Poetry aside, this book is a great, easily digested intro to the concepts and practice of NVC. If you've never run across it before, the basic idea is to listen for observations, feelings, needs, and requests, and reflect those back to the other person. I love this idea, and Rosenberg does a good job of telling lots of stories in which it is useful outside of the academic/therapy context -- such as between street gangs, within hostile work environments, or during boring meetings, or between cantankerous family members. In my own life, I feel like I haven't quite gotten the trick of applying this yet. Perhaps the most mind-blowing idea is listening to the implied-fact statements people make and then respond with language that helps the person unpack that feeling and get down to what they really want. But not in a robotic therapist way -- in a way that demonstrates compassion for what they're really saying or trying to say. This concept is deeply connected to ideas of self-compassion that I believe in -- the idea of not being able to express empathy for others until you can be compassionate towards yourself. We all have trouble being aware of our own needs, and expressing them, and this is a pretty cool system for trying to get closer to that practice.
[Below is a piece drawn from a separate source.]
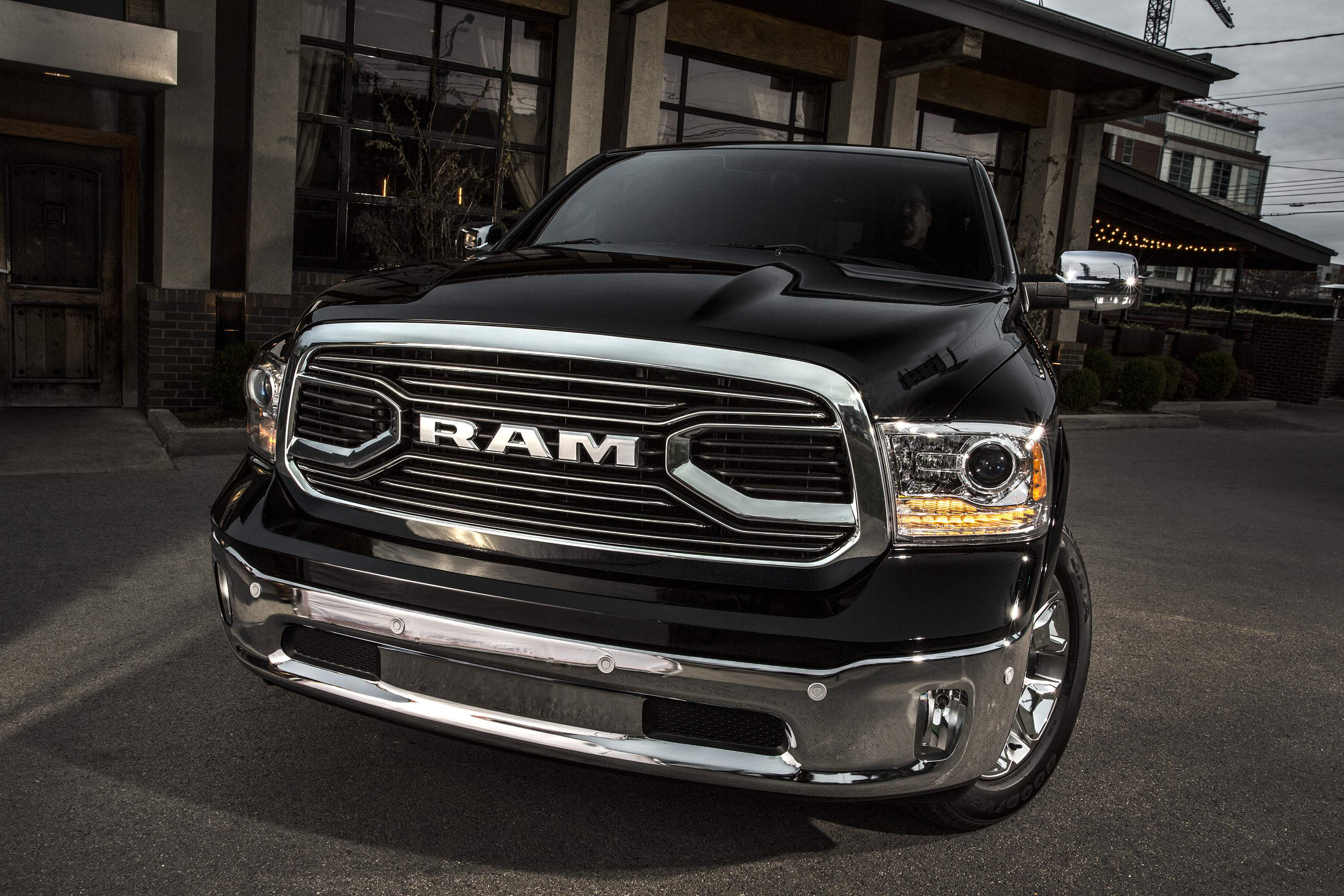 2015 Ram 1500 Laramie Limited Crew Cab 4x4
One of the most powerful parts for me was when he describes choice/value statements. Instead of saying "I hate my job" you make a statement like "Even though I dislike my job, I choose to go because I value financial stability" or something similar. This is a pretty powerful tool for me because it asks me to identify with choices and values rather than ascribing my pain to an arbitrary awful reality, like a job I hate or a house I regret buying or whatever. His techniques also apply to full expression of our emotions, awareness of our motivations, and other related issues behind empathy and NVC communication in general. I think of this stuff as Advanced Practice -- awesome to know, hard to put into work all the time. But when I take the time to be more aware in this way, I can sense that my communication becomes gentler in general, always a good thing. A good example is how the author models the little quizzes at the end of the chapters. No answer is wrong: he says "we are not in agreement" and explains his reasoning. Oh if only every so-called expert was more aware of their language in this regard!
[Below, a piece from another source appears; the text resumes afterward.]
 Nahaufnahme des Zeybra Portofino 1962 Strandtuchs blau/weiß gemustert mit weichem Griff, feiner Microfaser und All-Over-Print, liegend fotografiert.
My end judgment: if you're at all interested in this stuff, read it. The writing is not stellar but it's serviceable. Kind of like a pop textbook, if that makes sense. Skip the poetry or send little healing thoughts to the part of you that cringes in embarrassment when you read it, and recognize that this is part of it: recognizing when it's difficult to witness others being vulnerable. And then read the actual book, and maybe you'll love it. Or at least its ideas. But if just reading this review has made you puke a little bit, move along, no harm done.


onward! i just received hrdy's mothers and others in the mail yesterday, a book has been recommending for oh about five years now. looking forward to reading that. and to using my library privileges at work, too. so many books, so few dollars. yes.